**Recorded information:**
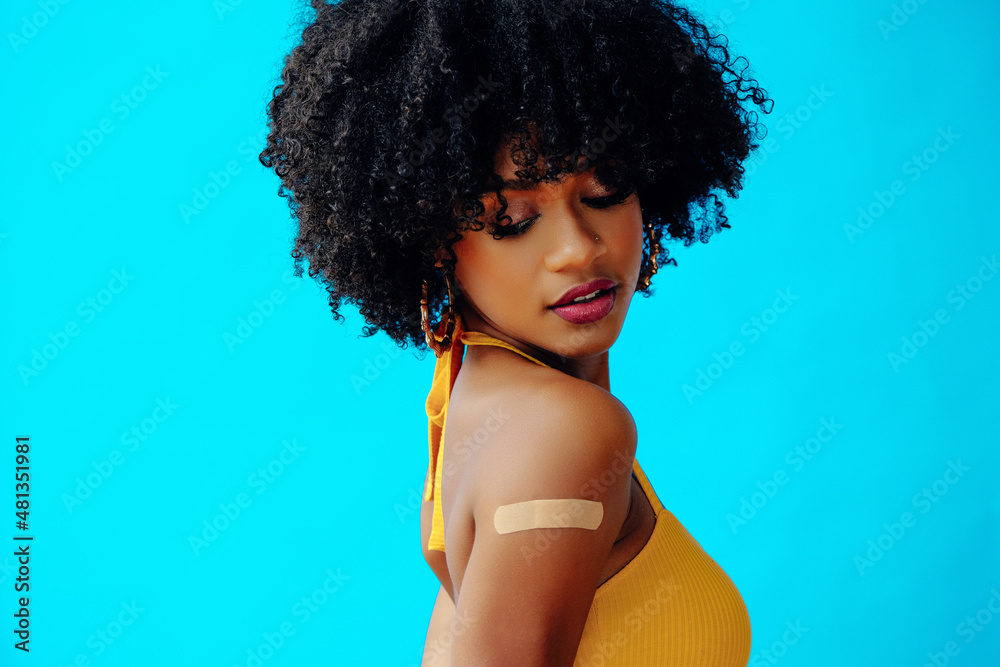 close up beautiful young woman with curly hair and bandaid on arm posing in studio - obrazy, fototapety, plakaty 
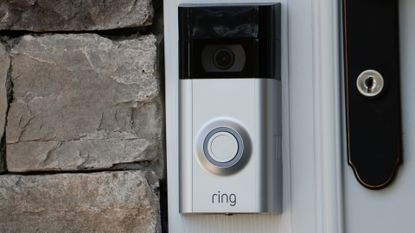 Ring doorbell camera mounted on a door frame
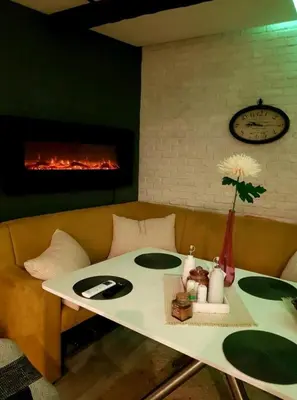 a room with a table and a couch with a fireplace at Синьо лято in Burgas City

**Task:**
Every line above should be transcribed exactly, though no image should be carried over.

**Your solution:**
 close up beautiful young woman with curly hair and bandaid on arm posing in studio - obrazy, fototapety, plakaty 
 Ring doorbell camera mounted on a door frame
 a room with a table and a couch with a fireplace at Синьо лято in Burgas City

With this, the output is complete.